Putting together a strong internal marketing team is very beneficial to the success of your company.
They have familiarity with both your brand and industry and are also invested in the organization’s growth as a whole.
In fact, about 41% of B2B companies have in-house staff who are designated to analyze, plan, and carry out marketing strategies.
If you go this route rather than working with an agency, you will face a few pretty critical challenges.
Most of them are concerned with extra costs coming from permanent hires.
Unlike with freelancers, it’s much harder to cut back on the fly.
But what are those downsides specifically, you might ask?
Well, now that we’ve got your attention, let’s find out through this article!
#1 With more staff comes more responsibilities
In summary, additional staff members require paperwork, onboarding, one-on-ones, up-to-date job descriptions, performance reviews, raises, career-path conversations, supplies, tools, and so much more.
You also have to manage employee issues, including hiring mistakes, personnel conflicts, employee turnover, and unplanned time off.
#2 Recruitment and training costs
To elaborate on the previous point, the first and foremost issue comes from the recruitment process.
Before you can begin hiring, you need to decide which marketing channels will have the highest priority and what skill sets are required for each of the positions.
Along with other issues, such as candidate management and screening, this is probably going to cause a lot of headaches for your HR department.

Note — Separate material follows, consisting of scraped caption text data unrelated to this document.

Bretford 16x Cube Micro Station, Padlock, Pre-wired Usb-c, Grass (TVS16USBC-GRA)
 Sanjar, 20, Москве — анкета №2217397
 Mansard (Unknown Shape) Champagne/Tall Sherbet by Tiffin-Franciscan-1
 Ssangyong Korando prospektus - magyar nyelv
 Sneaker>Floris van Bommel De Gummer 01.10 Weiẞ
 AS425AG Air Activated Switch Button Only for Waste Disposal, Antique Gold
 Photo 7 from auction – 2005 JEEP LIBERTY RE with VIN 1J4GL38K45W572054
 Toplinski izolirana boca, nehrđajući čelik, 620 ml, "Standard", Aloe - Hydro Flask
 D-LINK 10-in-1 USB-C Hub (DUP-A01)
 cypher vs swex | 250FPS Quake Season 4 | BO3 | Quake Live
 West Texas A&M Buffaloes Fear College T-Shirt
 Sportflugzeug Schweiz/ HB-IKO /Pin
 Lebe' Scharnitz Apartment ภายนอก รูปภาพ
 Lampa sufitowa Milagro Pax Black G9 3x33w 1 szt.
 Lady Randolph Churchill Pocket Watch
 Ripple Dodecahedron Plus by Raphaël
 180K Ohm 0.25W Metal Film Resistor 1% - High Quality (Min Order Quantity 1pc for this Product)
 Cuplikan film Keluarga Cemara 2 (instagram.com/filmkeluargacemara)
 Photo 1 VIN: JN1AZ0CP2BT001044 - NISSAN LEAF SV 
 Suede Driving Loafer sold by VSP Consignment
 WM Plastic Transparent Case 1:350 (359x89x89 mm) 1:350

After that comes the actual training itself.
Marketing research is a complicated task that calls for an in-depth understanding of statistical techniques as well as general marketing principles.
It’s possible that a smaller company won’t have the financial means to fund such an undertaking.
In this scenario, it might make more sense to hire outside consultants to assist with specific cases on an as-needed basis.
#3 Staff retention problems
This particular facet can be challenging.
The reason for this is that contemporary workers place a high value on their own personal development and are less likely to remain in the same position for an extended period of time.
Keeping high-performing employees, some of whom may not even be a good fit for all of the projects you currently have going, will require an investment of time, effort, and money on your part.
And after some time has passed, you will be faced with the question of whether an in-house team is worth all of these hassles.
Working with an agency transfers the responsibility of dealing with this issue to the agency, which removes a significant burden from your shoulders.
#4 More cost pressure from technology and tools
When putting together an internal team, it’s often necessary to keep up with the latest hardware and software, whether it’s a fee for tech maintenance or a subscription to a project management app.
Because of this, it will even cost more to build and run an internal marketing team, which will put some strain on the company’s finances.
#5 Limited personnel capabilities
If you’re a small company with a small marketing team, you can only do so much with the limited set of skills at your disposal.
Because of this, in-housing can involve a significant amount of additional labor.
This is not to mention the impossibility of executing massive marketing activities.
On the other hand, if your company is large enough to support a sizable in-house marketing team, other kinds of hardships may arise.
Leaders of companies with large internal marketing teams must break down organizational silos for better management. This could have a significant impact on communication.
And even if you recruit some of the most qualified workers in your industry, it is unlikely that you will be able to compete with a large advertising agency’s wealth of knowledge, resources, and experience.
#6 Ideas aren’t debated
When marketing is done in-house, sometimes the whole idea stays within the company.
Since plans and strategies aren’t shared with anyone outside, their success is limited to what your team can afford.
Your campaigns can become monotonous over time, and it is easy for your team to become disconnected from the latest discoveries in the industry.
It is, however, different when an agency comes into the picture if your company employs a hybrid approach.
Their fresh perspectives allow a chance for your plans and strategies to be scrutinized. And your workers have the opportunity for networking and shared learning as well.
#7 No pause button for when things go wrong
Say, a special situation occurs which requires you to scale down your business, you cannot merely halt the work for a short period of time or tell your in-house team to abort the mission.
You have to actually fire people who either caused the issue or simply were not doing enough.
And if you hire the wrong candidates, it costs extra time, work, and money to fix it. To make things even more difficult, the repair work has to be done on top of the regular marketing efforts.
These problems probably gave you and your plan to construct an internal marketing team quite a bit of anxiety, which is understandable.
Nevertheless, with the appropriate management and planning, it is unquestionably possible to triumph over those challenges!
Whatever choice you make, we wish you the best of luck with it!